Begin Actual Article:
In the first article in this series, Logic 101, we looked at the basic structure of a logical argument. We went over what a logical ARGUMENT is (as differentiated from where you are screaming epithets at your spouse and the neighbors start banging on the floor), what a PROPOSITION is (hint: this is not the same thing as the pick up line you offer to the pretty goth girl in the corner, though in my experience it may get you farther), what PREMISES and CONCLUSIONS are. We also went over the two basic kinds of logical arguments: DEDUCTIVE and INDUCTIVE, how they work, and (in the comment thread) why some folks think inductive reasoning sucks.

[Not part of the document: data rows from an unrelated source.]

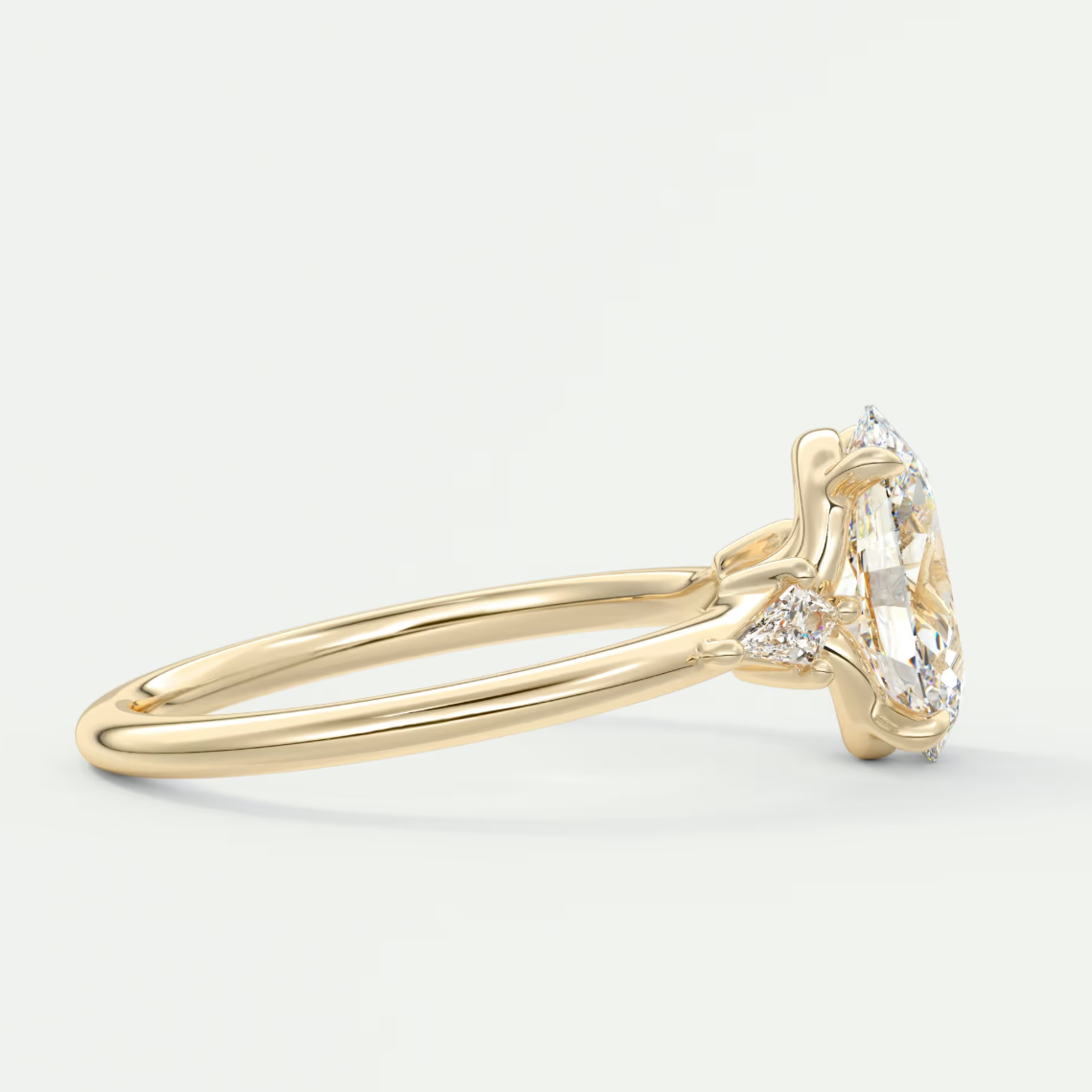 Custom made elysian oval three-stone engagement ring with kite side stones | diamond lab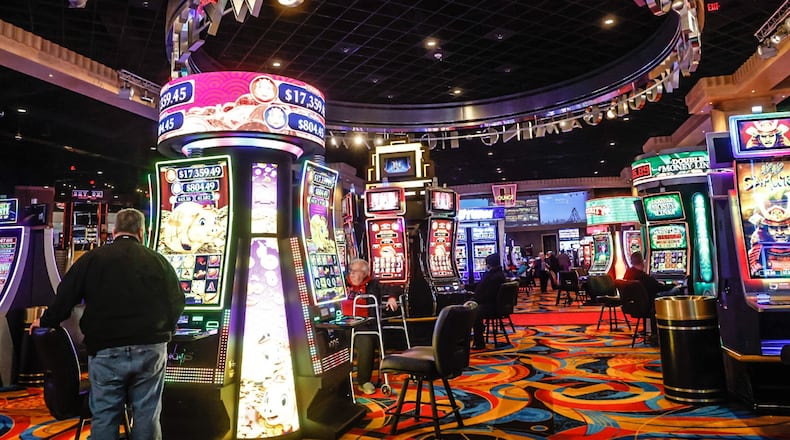 Gamblers, foodies and goodtime seekers walk the aisles at Hollywood Gaming at Dayton Raceway Friday afternoon January 13, 2023. JIM NOELKER/STAFF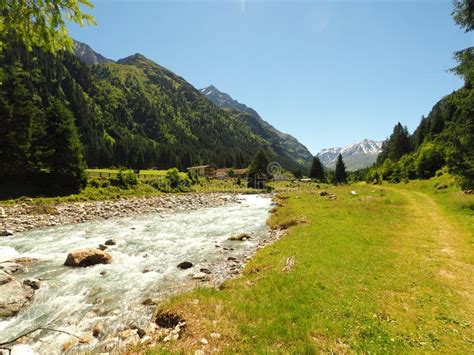 Landscape Shot Of A Stream Flowing Water Surrounded By Green Mountains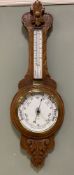 An Edwardian oak barometer, carved floral patera to top over thermometer and barometer, carved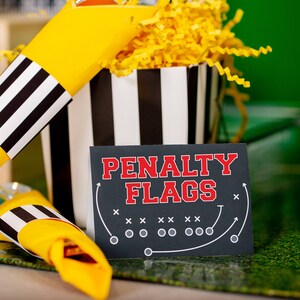 May include: Black and white striped paper cones filled with yellow shredded paper. A sign reads "Penalty Flags" with a football field diagram.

Now, as promised, I present to you part two: The Attack of the Evil Fallacies
In response to requests from my logically-sound readers, you can now find links to Logic 102 (which covers the Argumentum ad Baculum, Argumentum ad Hominem, Argumentum ad Ignorantiam, and Argumentum ad Misericordium) and Logic 103 (which covers the rest of the common fallacies) here.
Actual Article Resumes Now:
In the early days of Newsvine (as in, waaay back at the beginning of the year) there was a fair amount of discussion here and there about the nature of the educational system in this country. One of the conclusions reached therein was that our country would be much healthier if logic were taught to all students. More recently, there was an upsurge of folks calling each other out on the use of logical fallacies, most particularly the use of “strawman arguments”. Here in the recent past, I have seen a repeated use of the argument that “if you do not support the extension of my intolerant beliefs into law, you are intolerant.” All of this put together has led me to the conclusion that we may be well overdue for a logic lesson.
Enter my Mom. Both my parents went to school for philosophy. Quite honestly, I tried like hell not to listen to any of it as I was growing up. While most kids were playing Monopoly with their folks, I got to play fun games like this:
“Their are three errors in this sentance.”
My mission was to find them. Good, fun, family times. But I digress…
My Dad died when I was twelve, but my Mom is still alive and kicking. She has never given up on her quest to teach me logic, and now that I have offspring, she is working on him, too. So she seemed the natural place to start when looking to get a grasp of the basics of logic.